Liberal Leader Paul Martin was forced to defend Stephen Harper's patriotism yesterday after campaigning with Canadian Auto Workers president Buzz Hargrove, who used the opportunity to call the Conservative Leader a separatist.
"I have profound differences with Mr. Harper, but I have never questioned his patriotism," Mr. Martin told reporters later.
The Liberal Leader's extraordinary statement came as his party trails in the polls and he once again brought out the union leader -- who has endorsed Mr. Martin -- to help shore up support among NDP and Green Party supporters.
At a campaign stop in Southwestern Ontario, Mr. Hargrove was asked by reporters whether he believes Quebeckers should vote for the separatist Bloc Québécois to stop Mr. Harper from winning.
"I would urge them to stop Harper in any way they can," he responded.
Then he went further, saying Mr. Harper's support for a less centralized federation will help the separatists tear the country apart.
He also said he does not see polls showing the Tories eating into the Bloc's support as good for Canada.
"Well, you know, they vote for one separatist or another, that's the way they're doing it," Mr.
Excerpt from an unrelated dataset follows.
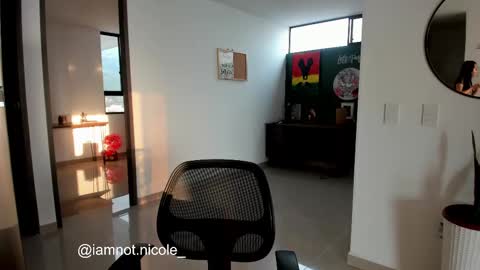 Snapshot of nicolemanson chatting on 03.03.25 Nicole Manson online show from 03.03.25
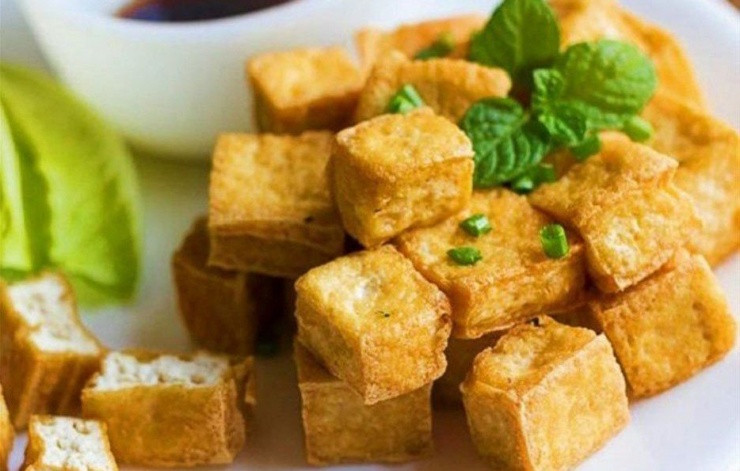 Làm cách này, đậu phụ rán căng phồng, vàng ươm, không dính chảo - Hình 4 Lam cach nay, dau phu ran cang phong, vang uom, khong dinh chao-Hinh-4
Hargrove said. "They see him as a separatist as well. To undermine federalism is about ensuring that there's nothing that ties and binds the country together. If you devolve all the powers to the provinces, what do you have left? What's the argument for Quebec to stay in Canada?"
Under repeated prodding, Mr. Hargrove suggested Mr. Harper is at least a quasi-separatist.
"His view of the country is a separatist view that doesn't have a strong federal government. A strong federal government is what makes Canada what it is," he said. "Putting in place a framework that will make it easier for the separatists to win in Quebec, surely that's pretty close to being a separatist."
Mr. Hargrove issued a clarification later in the day, saying Mr. Harper is a federalist but is playing into the hands of separatists. Mr. Martin pointed to the clarification, saying that he does not doubt Mr. Harper's patriotism.
Conservative Leader Stephen Harper, who was campaigning in Toronto, said he was shocked by Mr. Hargrove's statement.
"I have never been one to either analyze or predict the behaviour of Buzz Hargrove but he's not part of my campaign, he's part of Mr. Martin's campaign and I think Mr. Martin and the Liberal Party should distance themselves from that type of advocacy," Mr. Harper said.
"I think that's bad for the country. I think it shows a partisanship that puts the interests of the Liberal Party ahead of the interests of the country, and that's one of the reasons the Liberal Party is in trouble in public opinion."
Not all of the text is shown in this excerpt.